What Happened to Notre Dame? (St. Augustine’s Press, $15.00) is actually a debate of sorts between Rice and Jenkins. Rice lets Jenkins “speak” at length, never quoting him out of context, and answering each point with his own (or often a bishop’s) understanding of the Church’s position on who may be honored by Catholic institutions. About that 2004 bishops’ statement, “Catholics in Political Life,” Fr. Jenkins suggests it applies only to Catholics who defy Catholic teaching and, therefore, not to the Protestant Obama. Rice cites the statement of John M. D’Arcy, Notre Dame’s supervising bishop (whom Jenkins did not consult in the matter), who has written that Jenkins is flat wrong. “I consider it . . . settled,” Bishop D’Arcy wrote to the members of his diocese, “that . . . ‘Catholics in [Political] Life’ . . . does indeed apply in this matter.” This was also the point embraced by Mary Ann Glendon in her decision not to accept the Laetare Medal at the ’09 commencement. Of the decision to award that honorary degree, she wrote to Fr. Jenkins:

This, as you must know, was in disregard of the U.S. bishops’ express request of 2004. . . . That request . . . seems to me so reasonable that I am at a loss to understand why a Catholic university should disrespect it.

But Notre Dame’s administrators ignored every plea to affirm its Catholic identity by respecting Church authority. Of course, this did not begin with the Obama controversy. It probably started in earnest with the misinterpretations of Vatican II that were accelerated by the attendees at a 1967 conference in Wisconsin and the statement they issued, named for the site of the confab: Land O’Lakes. In essence, it was a manifesto by some Catholic educators against the governance of the Church – both in terms of doctrine and administration. I’ve never read a clearer explanation of “Land O’Lakes” than Rice’s. Here you have it: Catholic intellectuals throwing off the cross of Catholicism itself. Down with the Roman tyrants! Hail the new “dictatorship of relativism”!
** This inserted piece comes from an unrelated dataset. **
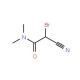 2-Bromo-2-cyano-N,N-dimethylacetamide (CAS 15430-62-3) - chemical structure image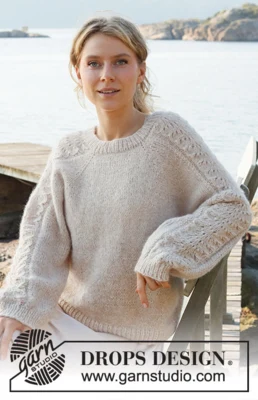 221-3 Bronze Summer Sweater by DROPS Design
Reading this book, you feel sadness, if only because veteran teachers such as Ralph McInenry and Charles Rice express with such poignancy the loss of Notre Dame’s Catholic soul. To be sure, there is much about the university that remains praiseworthy, but Notre Dame seems well along on the road to becoming just another megaversity. This is not to say there is no hope. Notre Dame’s administration – a future administration – may yet embrace the Magisterium. As Rice explains:

What the teaching Church is doing today is counter-cultural but inspiring. Notre Dame should be fully a part of it, because the Church rescues reason from its false limitation to the empirical and affirms that the only coherent foundation of any university is the integration of faith and reason. “Faith and reason,” said John Paul II, “are like two wings on which the human spirit rises to the contemplation of truth.”

What Happened to Notre Dame? is not just a broadside against the scandal of the recent commencement. It is also a primer of faith, reason, and the first principles we must believe as Catholics and in which Catholic education must be grounded.

 

Brad Miner, a former literary editor of National Review, is senior editor of The Catholic Thing.